Short onset time, suitable duration of action (usually about 60 minutes). Non-toxic, non-irritating to tissue and non-allergenic.
Soluble in water, stable in solution, still active after sterilization.
Pharmacological effects:
Local effects: Anesthetics act on all central nerve fibers (sensory, motor) and autonomic nerves, from small fibers to large fibers depending on the concentration of the drug. The order of loss of sensation is pain, cold, heat, superficial touch, then deep touch. When the drug wears off, the effect recovers in the opposite direction. Depending on the clinical purpose, different routes of drug administration are used:
+ Surface anesthesia: apply or infuse local medication (0.4 - 4%).
+ Infiltration anesthesia by subcutaneous injection so that the drug can penetrate into the nerve endings (0.1 - 1% solution).

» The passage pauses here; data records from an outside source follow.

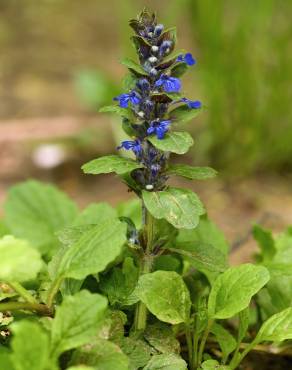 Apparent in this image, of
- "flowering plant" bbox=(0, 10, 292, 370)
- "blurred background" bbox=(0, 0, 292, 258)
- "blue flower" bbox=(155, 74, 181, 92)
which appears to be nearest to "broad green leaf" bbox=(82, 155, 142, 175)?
"flowering plant" bbox=(0, 10, 292, 370)

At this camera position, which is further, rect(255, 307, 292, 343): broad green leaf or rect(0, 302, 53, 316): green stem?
rect(255, 307, 292, 343): broad green leaf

+ Conduction anesthesia: injecting drugs into the nerve conduction pathway (nerve trunk anesthesia, ganglion blockade, epidural anesthesia, spinal anesthesia).
Systemic effects: Only appear when the anesthetic penetrates the circulation at effective concentrations.
Uses: The central nervous system inhibitory effect appears earliest with the inhibitory center, causing signs of stimulation: restlessness, anxiety, muscle tremors, convulsions (treated with diazepam), disorientation.